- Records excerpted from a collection
★ ★ ★ ★ ★ ★ ★
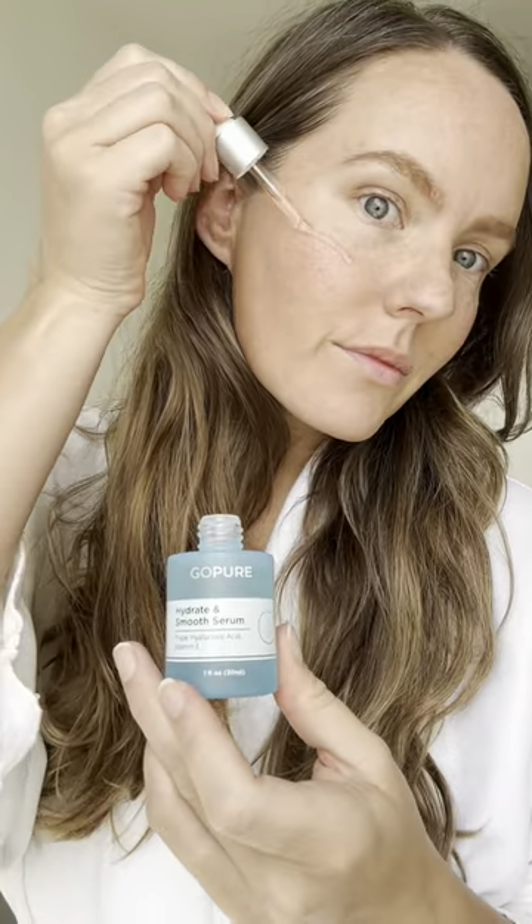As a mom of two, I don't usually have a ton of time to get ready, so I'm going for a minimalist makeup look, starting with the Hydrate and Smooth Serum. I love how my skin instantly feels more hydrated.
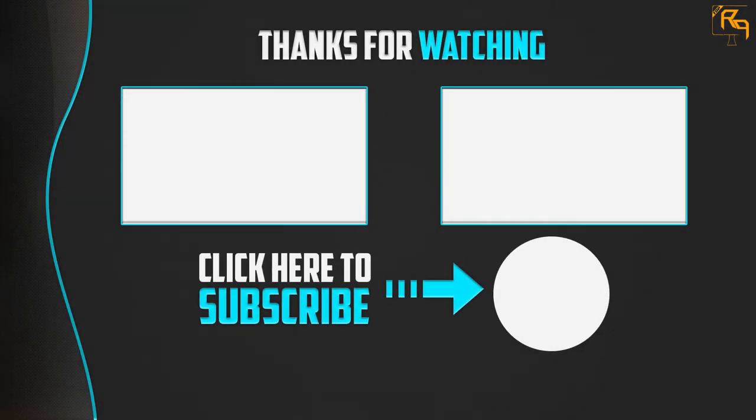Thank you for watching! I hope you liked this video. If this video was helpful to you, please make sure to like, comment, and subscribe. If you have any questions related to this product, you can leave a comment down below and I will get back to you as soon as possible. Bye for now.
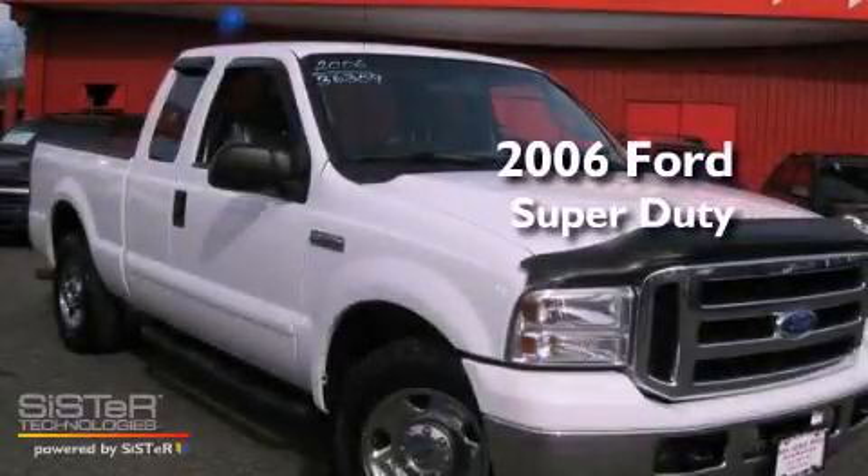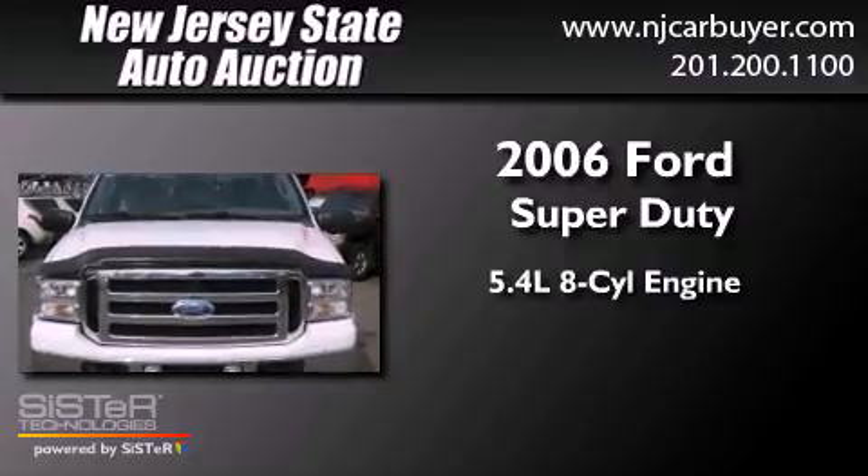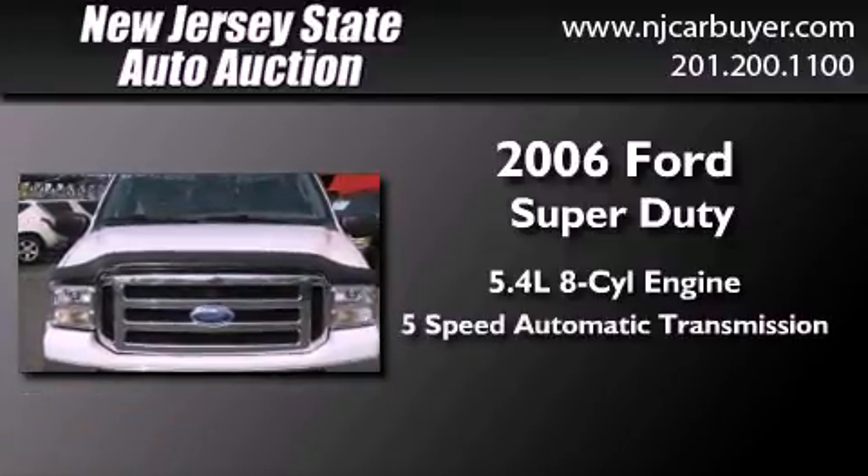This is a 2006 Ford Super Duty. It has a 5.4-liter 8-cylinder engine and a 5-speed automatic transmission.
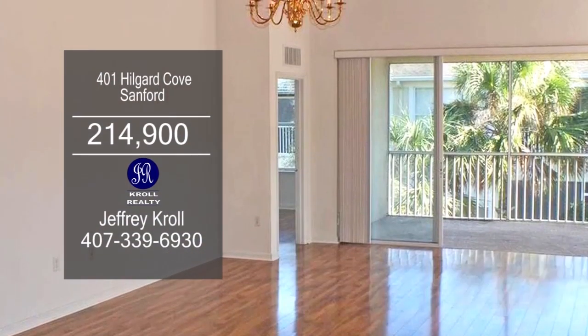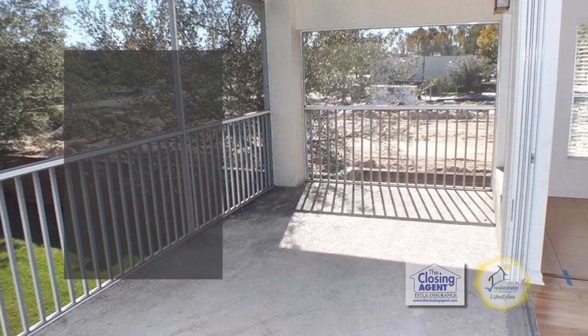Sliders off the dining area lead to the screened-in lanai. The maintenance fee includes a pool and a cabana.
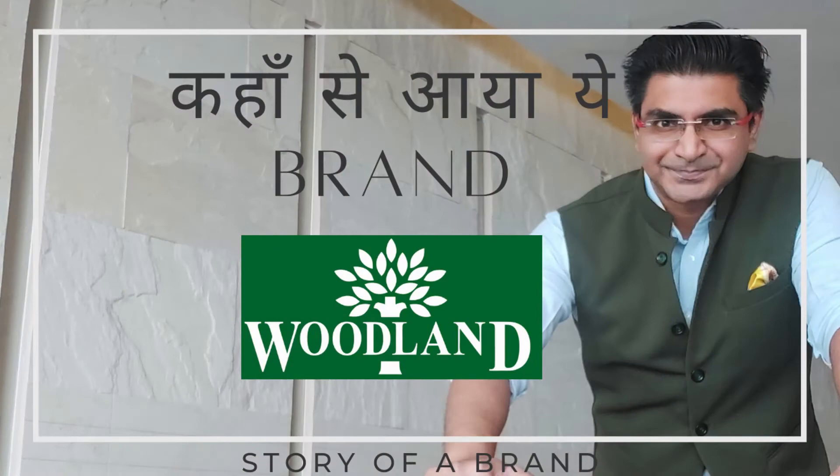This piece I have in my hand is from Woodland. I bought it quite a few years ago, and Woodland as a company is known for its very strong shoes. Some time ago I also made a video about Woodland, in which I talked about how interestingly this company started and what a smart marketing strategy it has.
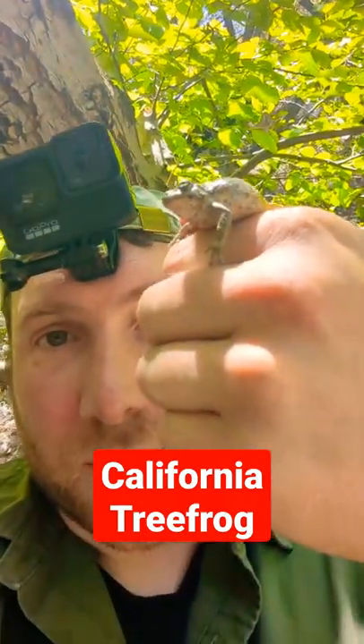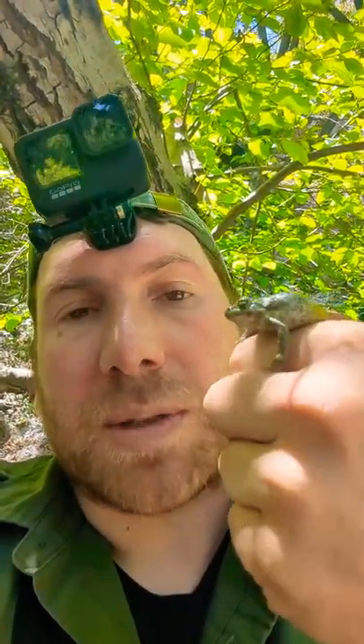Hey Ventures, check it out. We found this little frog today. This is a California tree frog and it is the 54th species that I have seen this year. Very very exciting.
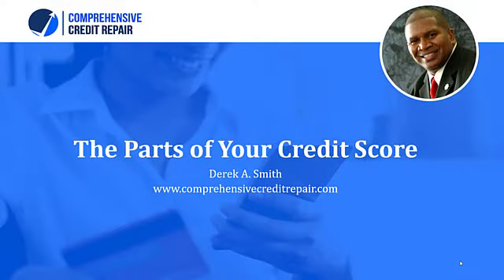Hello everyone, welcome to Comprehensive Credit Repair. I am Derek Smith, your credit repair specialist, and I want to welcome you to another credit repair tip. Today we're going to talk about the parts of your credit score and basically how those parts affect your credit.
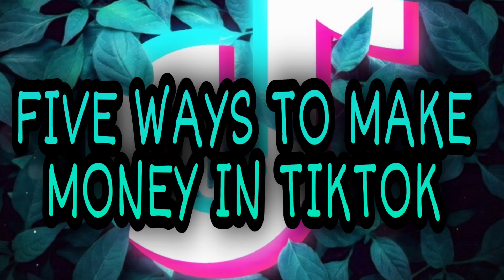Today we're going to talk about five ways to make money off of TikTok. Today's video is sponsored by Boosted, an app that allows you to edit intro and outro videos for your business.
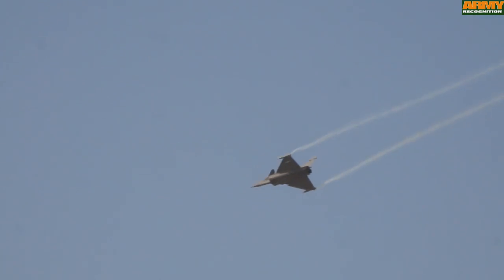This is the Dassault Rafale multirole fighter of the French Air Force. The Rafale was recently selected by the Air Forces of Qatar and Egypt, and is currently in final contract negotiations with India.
★ ★ ★ ★ ★ ★ ★
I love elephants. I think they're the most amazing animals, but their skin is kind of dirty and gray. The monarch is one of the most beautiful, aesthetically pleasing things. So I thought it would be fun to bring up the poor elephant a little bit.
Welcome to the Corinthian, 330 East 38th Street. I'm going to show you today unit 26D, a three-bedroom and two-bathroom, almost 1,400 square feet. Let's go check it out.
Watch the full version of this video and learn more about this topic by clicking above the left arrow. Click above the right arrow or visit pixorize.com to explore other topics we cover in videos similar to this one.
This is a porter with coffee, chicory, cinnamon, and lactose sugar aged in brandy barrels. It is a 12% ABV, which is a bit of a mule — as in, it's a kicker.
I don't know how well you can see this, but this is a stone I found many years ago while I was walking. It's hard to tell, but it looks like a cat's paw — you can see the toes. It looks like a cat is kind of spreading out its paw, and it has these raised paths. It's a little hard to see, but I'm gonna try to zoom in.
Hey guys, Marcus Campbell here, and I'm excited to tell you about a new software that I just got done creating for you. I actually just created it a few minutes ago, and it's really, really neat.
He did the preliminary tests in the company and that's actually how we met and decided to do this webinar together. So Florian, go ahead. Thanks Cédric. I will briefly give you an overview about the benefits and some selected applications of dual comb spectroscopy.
★ ★ ★ ★ ★ ★ ★
- Task statement
Copy only the lines above from the one containing "As a mom of" through the one containing "Hello everyone, welcome", both included. Leave out the pictures.

- Answer below
As a mom of two, I don't usually have a ton of time to get ready, so I'm going for a minimalist makeup look, starting with the Hydrate and Smooth Serum. I love how my skin instantly feels more hydrated.
Thank you for watching! I hope you liked this video. If this video was helpful to you, please make sure to like, comment, and subscribe. If you have any questions related to this product, you can leave a comment down below and I will get back to you as soon as possible. Bye for now.
This is a 2006 Ford Super Duty. It has a 5.4-liter 8-cylinder engine and a 5-speed automatic transmission.
Sliders off the dining area lead to the screened-in lanai. The maintenance fee includes a pool and a cabana.
This piece I have in my hand is from Woodland. I bought it quite a few years ago, and Woodland as a company is known for its very strong shoes. Some time ago I also made a video about Woodland, in which I talked about how interestingly this company started and what a smart marketing strategy it has.
Hey Ventures, check it out. We found this little frog today. This is a California tree frog and it is the 54th species that I have seen this year. Very very exciting.
Hello everyone, welcome to Comprehensive Credit Repair. I am Derek Smith, your credit repair specialist, and I want to welcome you to another credit repair tip. Today we're going to talk about the parts of your credit score and basically how those parts affect your credit.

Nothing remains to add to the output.